Prompt: Verbatim copy without images: return all of the data as it stands.
:: Data block
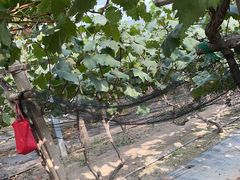 -马陆小张葡萄园农家乐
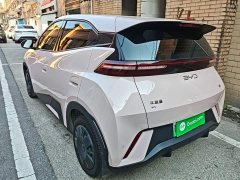 BYD Seagull Glory Edition 305km Vitality Version - ფოტო 5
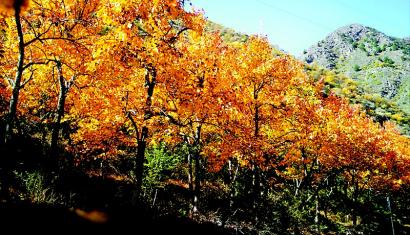 金川紅葉 進(jìn)入最佳觀賞期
::::
Expected answer:
 -马陆小张葡萄园农家乐
 BYD Seagull Glory Edition 305km Vitality Version - ფოტო 5
 金川紅葉 進(jìn)入最佳觀賞期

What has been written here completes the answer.